Parmi les pulsions, la pulsion scopique « est celle qui élude le plus complètement le terme de la castration1 », signale Lacan. Comment rendre compte de la particularité de cette pulsion par rapport aux autres ?
La présence d’un regard
Dans « Un trouble de mémoire sur l’Acropole », Freud nous offre un précieux témoignage à ce sujet. Il écrit ce texte à la fin de sa vie, alors qu’il est lui-même amoindri et que ce souvenir, qui date de plus de trente ans, le hante encore.
Il analyse la sensation éprouvée lors d’un voyage à Athènes en admirant le spectacle de l’Acropole. Il a soudainement le sentiment que ce qu’il voit « n’est pas réel2 ». La négation de la réalité de l’Acropole s’impose à Freud comme défense contre la réalisation du désir de voir ce lieu. Jacques-Alain Miller commente cette expérience en mettant l’accent sur la présence du regard du père de Freud, venant sanctionner le désir de franchir un interdit, celui d’aller au-delà de ce qu’avait accompli son propre père, qui n’avait jamais pu se rendre à Athènes. Face à la culpabilité de jouir d’une telle beauté, Freud convoque alors, à son insu, un regard « d’aucun œil qui voit. Il surgit du spectacle lui-même3 » – ce qui produit un « sentiment d’étrangeté4 ».
L’étrangeté du regard
Dans le Séminaire XI, Lacan explique que pour les êtres parlants que nous sommes, ce « qui nous fait conscience nous institue du même coup comme speculum mundi5 », miroir du monde. Nous retrouvons ici l’opération du stade du miroir où le sujet, par l’identification à l’autre spéculaire, constitue aussi bien l’image de son propre corps que celle de son monde – c’est le domaine du moi et de ses représentations.
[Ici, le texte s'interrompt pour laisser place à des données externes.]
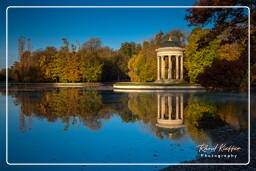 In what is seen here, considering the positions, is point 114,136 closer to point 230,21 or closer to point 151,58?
point 230,21

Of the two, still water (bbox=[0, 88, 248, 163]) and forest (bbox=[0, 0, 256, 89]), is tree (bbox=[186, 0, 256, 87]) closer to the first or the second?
forest (bbox=[0, 0, 256, 89])

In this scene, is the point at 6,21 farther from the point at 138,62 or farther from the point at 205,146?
the point at 138,62

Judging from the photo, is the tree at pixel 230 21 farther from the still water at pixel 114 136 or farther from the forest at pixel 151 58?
the still water at pixel 114 136

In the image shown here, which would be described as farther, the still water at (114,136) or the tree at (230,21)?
the tree at (230,21)

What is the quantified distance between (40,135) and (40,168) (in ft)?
11.4

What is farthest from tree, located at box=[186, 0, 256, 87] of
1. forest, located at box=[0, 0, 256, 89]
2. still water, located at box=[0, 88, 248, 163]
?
still water, located at box=[0, 88, 248, 163]

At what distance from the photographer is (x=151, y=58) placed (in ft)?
158

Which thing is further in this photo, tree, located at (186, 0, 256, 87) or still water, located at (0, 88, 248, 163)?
tree, located at (186, 0, 256, 87)

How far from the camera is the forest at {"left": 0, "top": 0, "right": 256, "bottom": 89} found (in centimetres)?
833

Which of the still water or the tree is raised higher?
the tree

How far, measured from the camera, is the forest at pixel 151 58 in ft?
27.3

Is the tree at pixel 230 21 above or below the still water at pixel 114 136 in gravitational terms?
above

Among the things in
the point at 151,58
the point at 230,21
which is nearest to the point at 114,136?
the point at 230,21

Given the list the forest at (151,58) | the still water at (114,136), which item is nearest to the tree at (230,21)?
the forest at (151,58) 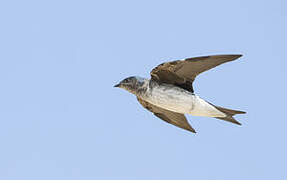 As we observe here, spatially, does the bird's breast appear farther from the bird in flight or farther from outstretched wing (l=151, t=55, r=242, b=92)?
outstretched wing (l=151, t=55, r=242, b=92)

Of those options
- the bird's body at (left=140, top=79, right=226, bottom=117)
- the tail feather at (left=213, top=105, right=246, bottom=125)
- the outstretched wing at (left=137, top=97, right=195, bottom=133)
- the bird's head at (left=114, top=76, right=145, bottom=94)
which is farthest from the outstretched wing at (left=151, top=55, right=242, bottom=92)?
the outstretched wing at (left=137, top=97, right=195, bottom=133)

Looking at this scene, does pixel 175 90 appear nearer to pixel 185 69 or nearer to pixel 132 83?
pixel 185 69

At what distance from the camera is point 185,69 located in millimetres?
10867

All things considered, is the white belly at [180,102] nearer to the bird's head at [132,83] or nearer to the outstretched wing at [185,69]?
the outstretched wing at [185,69]

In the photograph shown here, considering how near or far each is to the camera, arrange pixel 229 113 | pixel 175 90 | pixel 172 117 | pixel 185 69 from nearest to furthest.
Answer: pixel 185 69
pixel 175 90
pixel 229 113
pixel 172 117

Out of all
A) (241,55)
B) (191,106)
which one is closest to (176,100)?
(191,106)

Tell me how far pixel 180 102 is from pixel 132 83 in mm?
1054

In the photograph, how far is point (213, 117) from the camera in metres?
11.3

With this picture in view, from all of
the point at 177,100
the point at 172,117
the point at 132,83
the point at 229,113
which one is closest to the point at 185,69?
the point at 177,100

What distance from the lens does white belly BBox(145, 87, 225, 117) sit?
10.9 meters

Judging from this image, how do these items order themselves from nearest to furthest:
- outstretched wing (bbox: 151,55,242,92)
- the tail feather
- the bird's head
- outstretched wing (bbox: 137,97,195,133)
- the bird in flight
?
outstretched wing (bbox: 151,55,242,92)
the bird in flight
the tail feather
the bird's head
outstretched wing (bbox: 137,97,195,133)

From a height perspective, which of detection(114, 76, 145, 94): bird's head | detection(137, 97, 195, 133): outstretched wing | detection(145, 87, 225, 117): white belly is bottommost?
detection(137, 97, 195, 133): outstretched wing

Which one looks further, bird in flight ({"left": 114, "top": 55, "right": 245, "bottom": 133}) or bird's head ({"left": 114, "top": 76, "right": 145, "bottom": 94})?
bird's head ({"left": 114, "top": 76, "right": 145, "bottom": 94})

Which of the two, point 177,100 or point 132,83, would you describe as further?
point 132,83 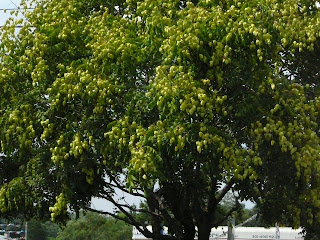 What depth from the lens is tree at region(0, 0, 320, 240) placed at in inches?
436

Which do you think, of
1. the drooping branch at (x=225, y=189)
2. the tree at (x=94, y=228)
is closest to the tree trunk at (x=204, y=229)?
the drooping branch at (x=225, y=189)

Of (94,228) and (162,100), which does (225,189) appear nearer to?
(162,100)

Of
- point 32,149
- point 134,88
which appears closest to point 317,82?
point 134,88

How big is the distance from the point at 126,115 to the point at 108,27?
190 centimetres

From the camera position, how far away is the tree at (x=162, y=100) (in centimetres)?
1107

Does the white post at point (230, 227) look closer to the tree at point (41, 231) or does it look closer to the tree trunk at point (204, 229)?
the tree trunk at point (204, 229)

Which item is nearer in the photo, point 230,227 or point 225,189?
point 225,189

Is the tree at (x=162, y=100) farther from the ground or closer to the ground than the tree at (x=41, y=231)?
closer to the ground

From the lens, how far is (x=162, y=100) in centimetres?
1083

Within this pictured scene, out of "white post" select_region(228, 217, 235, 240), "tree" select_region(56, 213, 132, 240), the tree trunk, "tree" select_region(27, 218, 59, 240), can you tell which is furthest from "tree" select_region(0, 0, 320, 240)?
"tree" select_region(27, 218, 59, 240)

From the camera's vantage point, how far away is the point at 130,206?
15586mm

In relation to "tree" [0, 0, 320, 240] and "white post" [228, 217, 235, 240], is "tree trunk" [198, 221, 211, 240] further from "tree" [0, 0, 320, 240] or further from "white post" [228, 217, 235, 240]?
"white post" [228, 217, 235, 240]

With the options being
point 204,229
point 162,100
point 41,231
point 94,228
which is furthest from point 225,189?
point 41,231

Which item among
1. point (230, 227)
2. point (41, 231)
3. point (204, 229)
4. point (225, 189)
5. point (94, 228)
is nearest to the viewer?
point (225, 189) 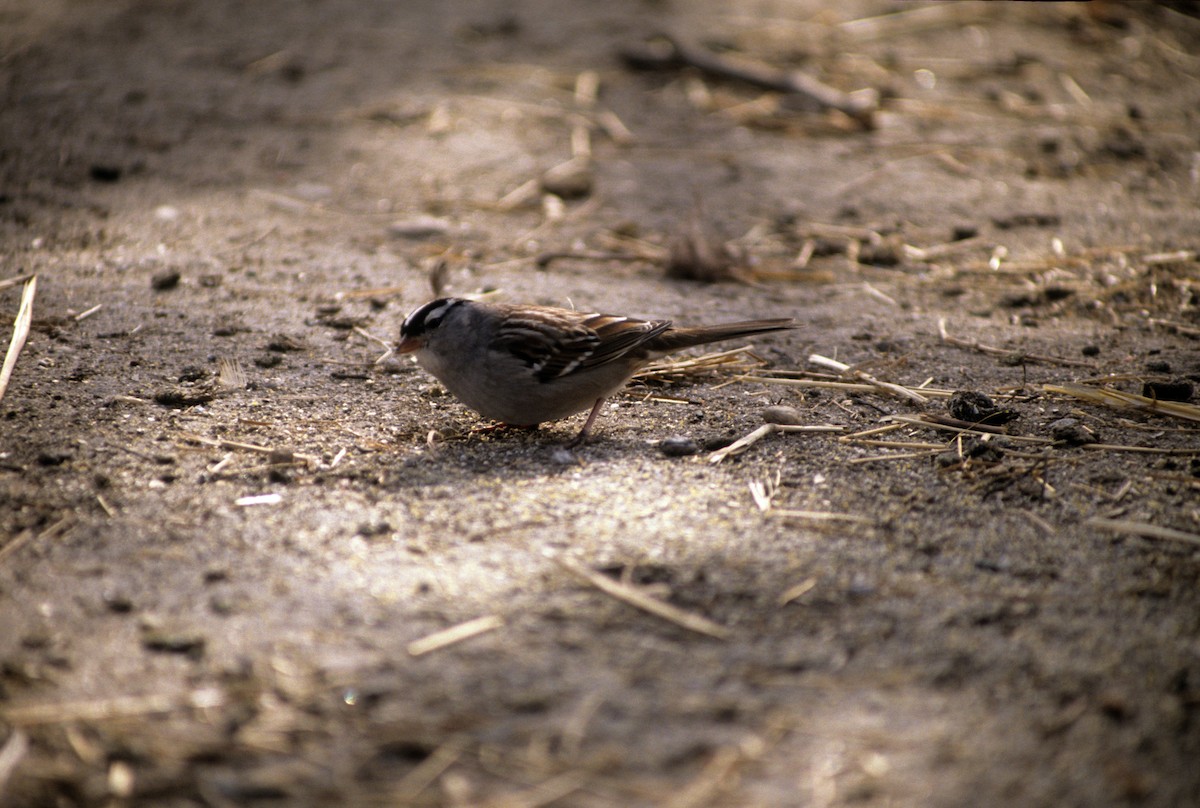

Lacan précise qu’il y a là à la fois une satisfaction et une méconnaissance, laquelle élude la fonction du regard. Il ajoute : « N’y a-t-il pas de la satisfaction à être sous ce regard […] qui nous cerne, et qui fait d’abord de nous des êtres regardés, mais sans qu’on nous le montre ? » Ainsi, la fonction du regard est-elle abordée par Lacan à partir de son élision du champ du visible. Autrement dit, le monde nous regarde sans que nous ne le sachions : « Le monde est omnivoyeur, mais il n’est pas exhibitionniste – il ne provoque pas notre regard. Quand il commence à le provoquer, alors commence aussi le sentiment d’étrangeté.6 »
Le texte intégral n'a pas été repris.